Segment Start: Extracted data
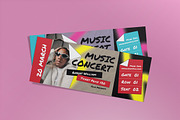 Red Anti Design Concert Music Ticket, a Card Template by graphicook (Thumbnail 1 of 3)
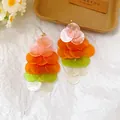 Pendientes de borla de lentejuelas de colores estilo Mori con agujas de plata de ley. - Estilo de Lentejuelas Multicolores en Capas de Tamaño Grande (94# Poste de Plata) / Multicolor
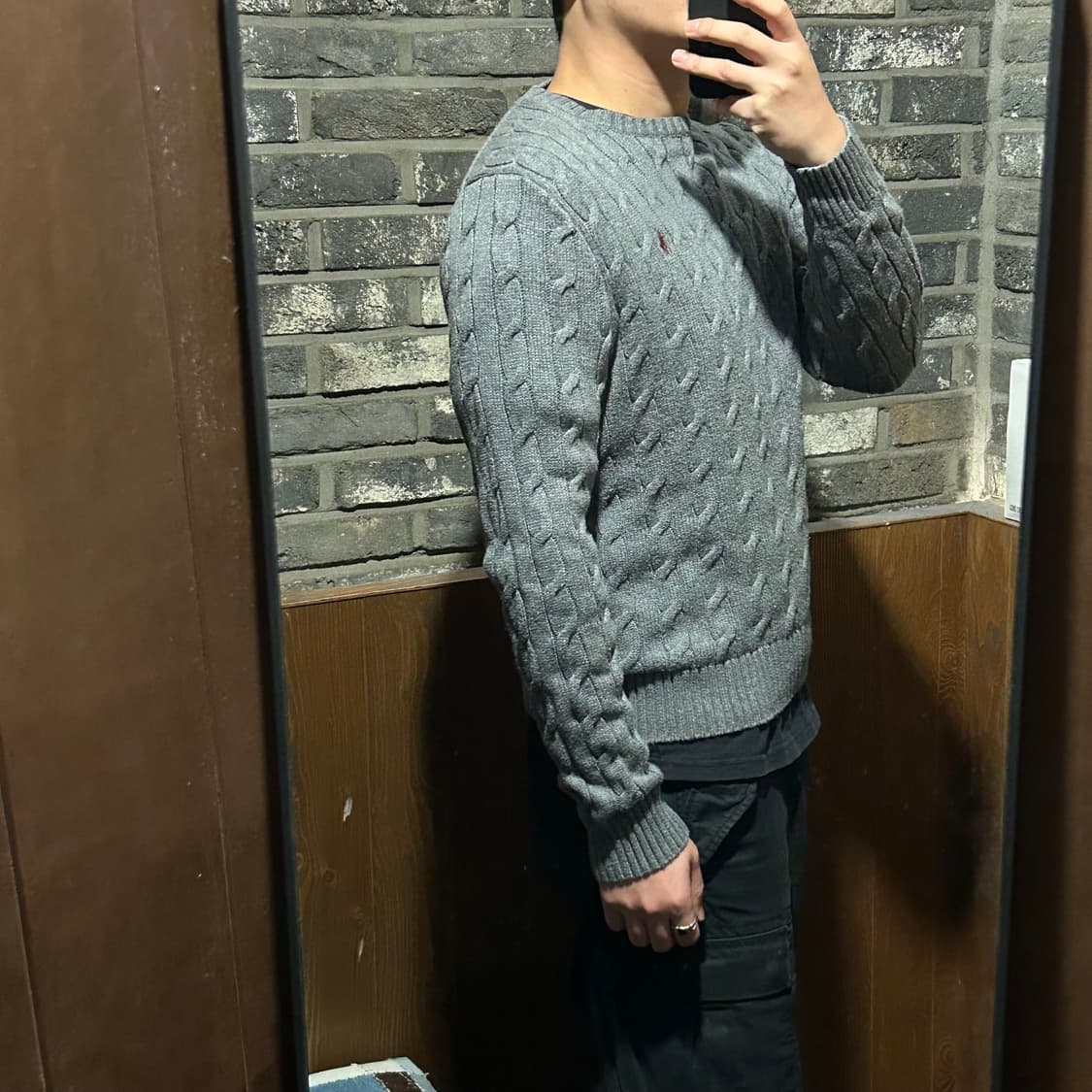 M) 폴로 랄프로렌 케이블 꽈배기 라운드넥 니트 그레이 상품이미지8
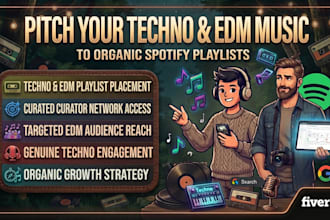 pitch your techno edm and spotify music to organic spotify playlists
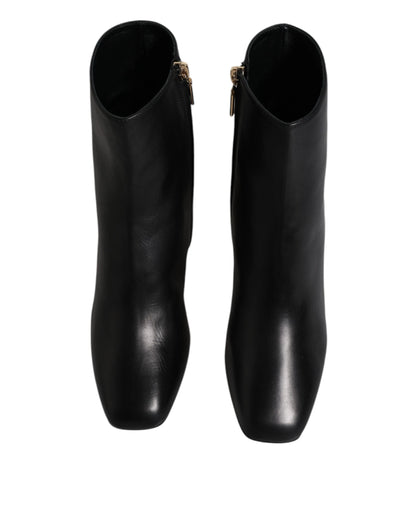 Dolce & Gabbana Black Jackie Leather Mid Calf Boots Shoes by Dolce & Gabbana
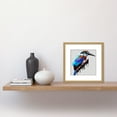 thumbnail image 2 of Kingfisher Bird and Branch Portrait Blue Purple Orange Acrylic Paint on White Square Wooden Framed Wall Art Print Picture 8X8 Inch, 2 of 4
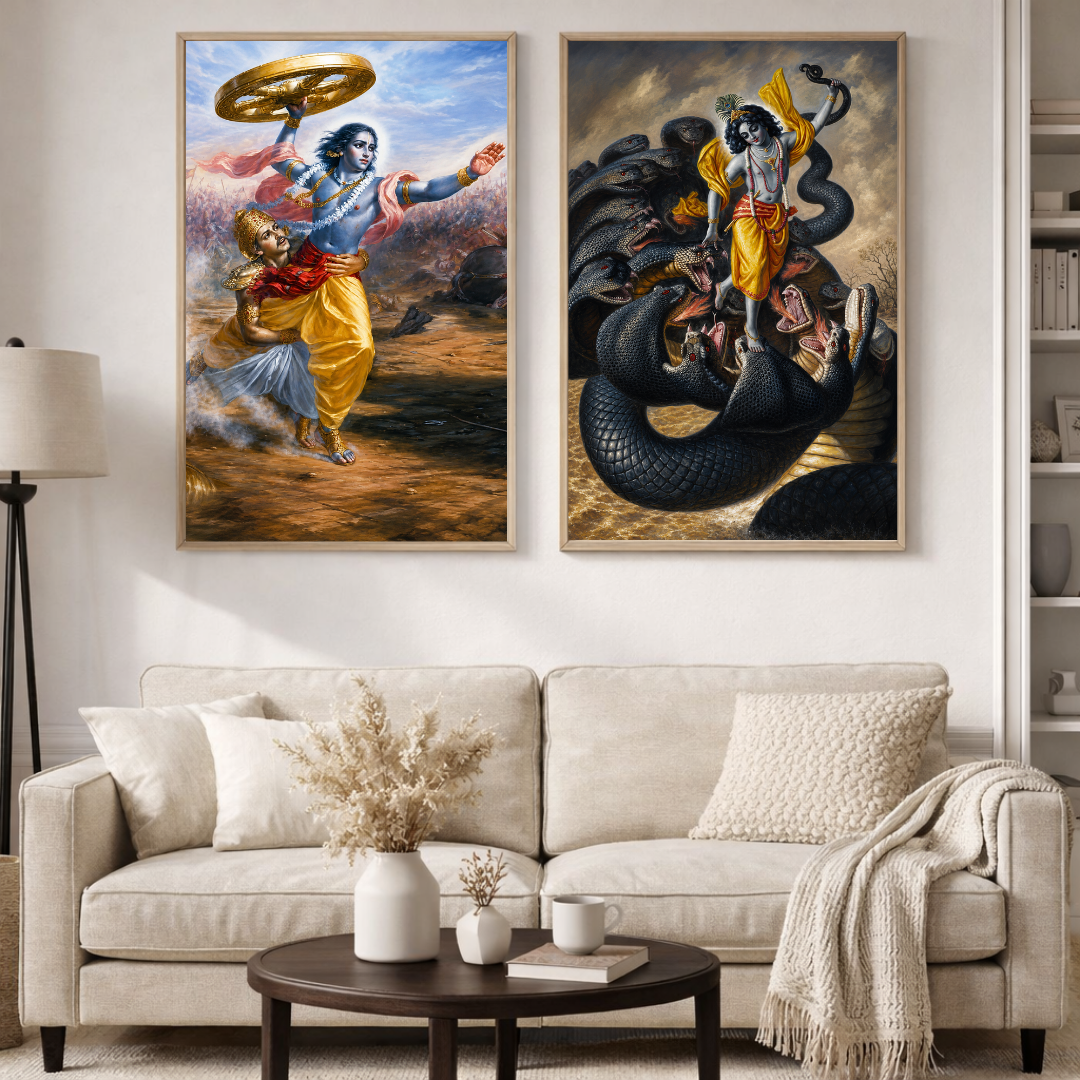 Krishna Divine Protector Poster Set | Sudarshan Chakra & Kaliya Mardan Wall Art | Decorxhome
Segment End: Extracted data
Each entry above should be written out verbatim, minus its pictures.

 Red Anti Design Concert Music Ticket, a Card Template by graphicook (Thumbnail 1 of 3)
 Pendientes de borla de lentejuelas de colores estilo Mori con agujas de plata de ley. - Estilo de Lentejuelas Multicolores en Capas de Tamaño Grande (94# Poste de Plata) / Multicolor
 M) 폴로 랄프로렌 케이블 꽈배기 라운드넥 니트 그레이 상품이미지8
 pitch your techno edm and spotify music to organic spotify playlists
 Dolce & Gabbana Black Jackie Leather Mid Calf Boots Shoes by Dolce & Gabbana
 thumbnail image 2 of Kingfisher Bird and Branch Portrait Blue Purple Orange Acrylic Paint on White Square Wooden Framed Wall Art Print Picture 8X8 Inch, 2 of 4
 Krishna Divine Protector Poster Set | Sudarshan Chakra & Kaliya Mardan Wall Art | Decorxhome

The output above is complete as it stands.